_Task statement_. Look below for the line holding "JOLLY Temperamatite 3" and the line holding "MixRay Coffee Brown". Repeat those two and everything between, exactly.

_Materials provided_.
[Start of Attachment]

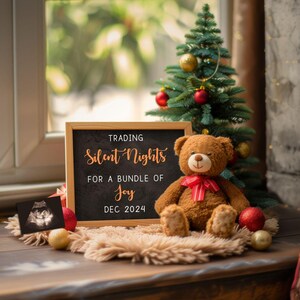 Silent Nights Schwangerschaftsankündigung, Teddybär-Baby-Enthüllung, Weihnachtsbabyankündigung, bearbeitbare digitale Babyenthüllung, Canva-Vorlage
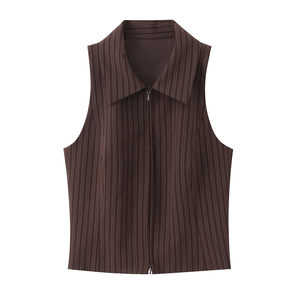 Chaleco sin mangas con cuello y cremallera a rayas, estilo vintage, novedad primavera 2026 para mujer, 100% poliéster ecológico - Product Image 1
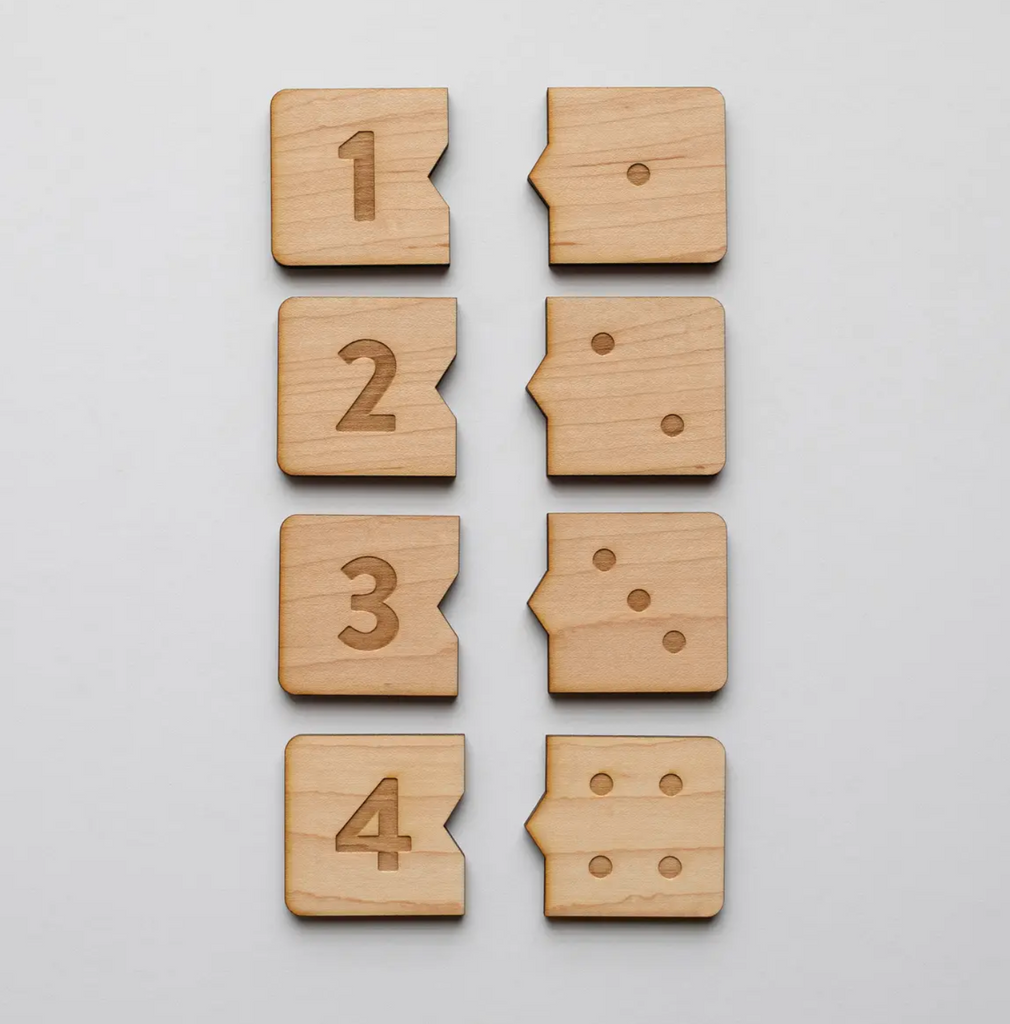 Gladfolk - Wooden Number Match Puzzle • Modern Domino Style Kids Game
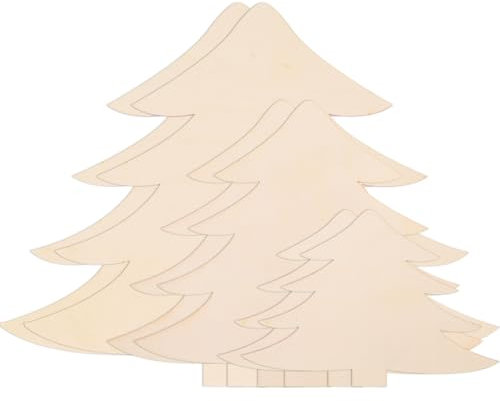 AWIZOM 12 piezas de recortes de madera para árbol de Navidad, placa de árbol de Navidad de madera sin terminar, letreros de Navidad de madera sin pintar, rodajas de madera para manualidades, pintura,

[End of Attachment]
[Start of Attachment]

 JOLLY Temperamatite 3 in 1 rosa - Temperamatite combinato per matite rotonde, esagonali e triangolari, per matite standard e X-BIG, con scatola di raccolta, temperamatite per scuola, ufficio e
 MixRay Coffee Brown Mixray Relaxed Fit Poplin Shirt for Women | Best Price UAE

[End of Attachment]

_Response to the task_.
 JOLLY Temperamatite 3 in 1 rosa - Temperamatite combinato per matite rotonde, esagonali e triangolari, per matite standard e X-BIG, con scatola di raccolta, temperamatite per scuola, ufficio e
 MixRay Coffee Brown Mixray Relaxed Fit Poplin Shirt for Women | Best Price UAE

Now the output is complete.